I’m originally from Colombia and I moved to the U.S. for safety and security reasons after my grandmother was kidnapped for eight months. She’s OK now, but if she would have had Revolar, we would have known her last whereabouts and known something was wrong. Then we could have started looking sooner. Instead, we went a whole month without knowing where she was.
What were the circumstances? Was she held for ransom?
Yes, ransom. It was back in the 90s – everybody was getting kidnapped left and right. And my Dad said, “This is it, we can’t live here anymore.” So I’ve been surrounded by the mentality of “stay safe” or “don’t talk to strangers.” Moving to the U.S., it’s definitely safer here. But at the same time, Revolar is for those moments where you just can’t predict it. We started Revolar in Denver – just the two of us – and we slowly grew our team. I went to business school and I’ve always said you don’t know how to start your own business until you do it.
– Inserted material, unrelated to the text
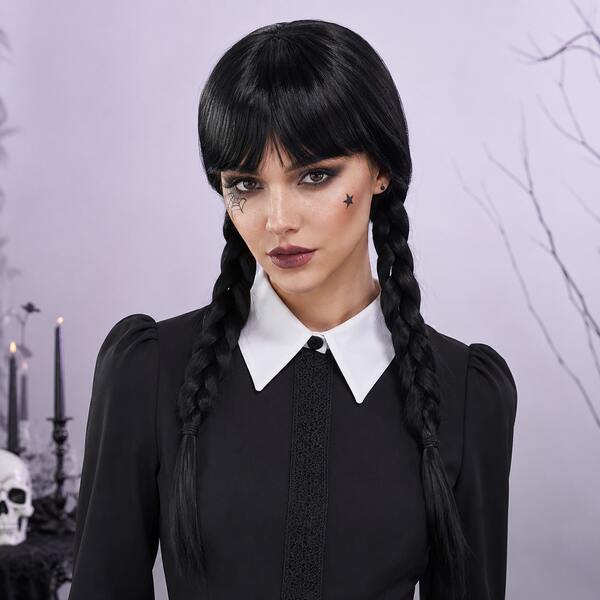 Women's Gothic Style Black Long Braided Hair With Bangs Wig, Synthetic Fiber Long Straight Hair Double Braids Ponytail Cosplay Wig, Suitable For Halloween Cosplay Party, Anime Theme Costume Or Daily Wear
We eventually figured it out and found a team of advisors and investors who believed in what we were doing.
What kind of stories and feedback have you received from the users?
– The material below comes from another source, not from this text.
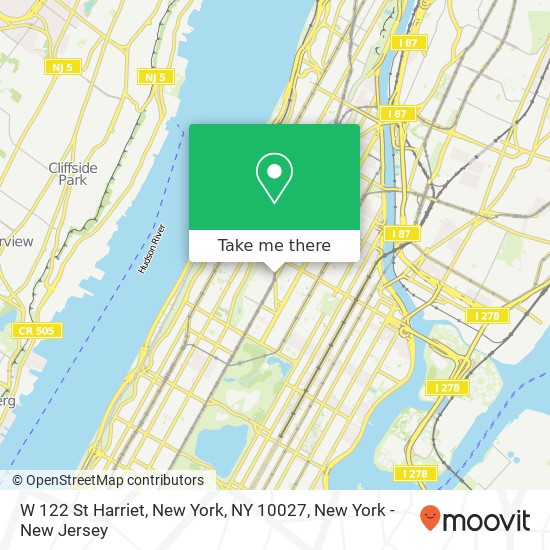 Mapa de W 122 St Harriet, New York, NY 10027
We have learned that our customer base is broad – we have male and female users from every age group above 13 years old. So customization of the experience is important. Not everybody is the same – a red alert for one person might be totally different for someone who has food allergies versus someone who is a runner. So we started enhancing our software. Now users can customize messages and change contacts for each alert level. We also learned that people were using Revolar just on the weekends or when they thought something would happen. So in our new version we created ways people can use the device regularly and not just when they need it. For example, the new version will beep so you can find your keys or phone. We also activated step-tracking for active users who want to use Revolar to count steps.
That’s great you’re learning how people are really using it.
Interestingly enough, people are using it for reasons that I never thought of. I kid you not, I know people are using it to let friends know what bar they’re at. Or if they go on a hike, they use it to show people what hike they went on. Or they take check-ins while they are shopping to remember where they were.
Is there a way to aggregate the data about where people of certain ages congregate or use their devices most frequently?
When we talk to police or governing bodies of cities or universities, we always get that question. They say, “You’re telling me that we will know when people are feeling vulnerable or uncomfortable?” A perfect example is if we’re getting a bunch of yellow or red alerts from a certain fraternity at a college campus. We know a lot of this information is sensitive and personal to our customers and we want to respect everyone’s privacy. But at the same time, if we can get our users to let us know why they are using Revolar, we can help people in the future.
Can you tell us about the process of building the device?
Our proof of concept was built by an engineer we contracted with in Colorado. Within three months, we had a functioning prototype. It was jankie and we had to unplug it to set off the alert. We also had to convert our phones to Androids because that was the only way to build the app. We later brought on an advisor who was both an electrical and a mechanical engineer. In two weeks, he built the prototype we ended up using in the first version of our product. We then found an industrial designer to contract for us and that part was fun – making sure the design was pretty. Once we started the manufacturing process, our contract manufacturer brought on the CTO and started putting all of the pieces together.
Was the design of the product a challenge since it hadn’t been done before? Or was it a process smooth?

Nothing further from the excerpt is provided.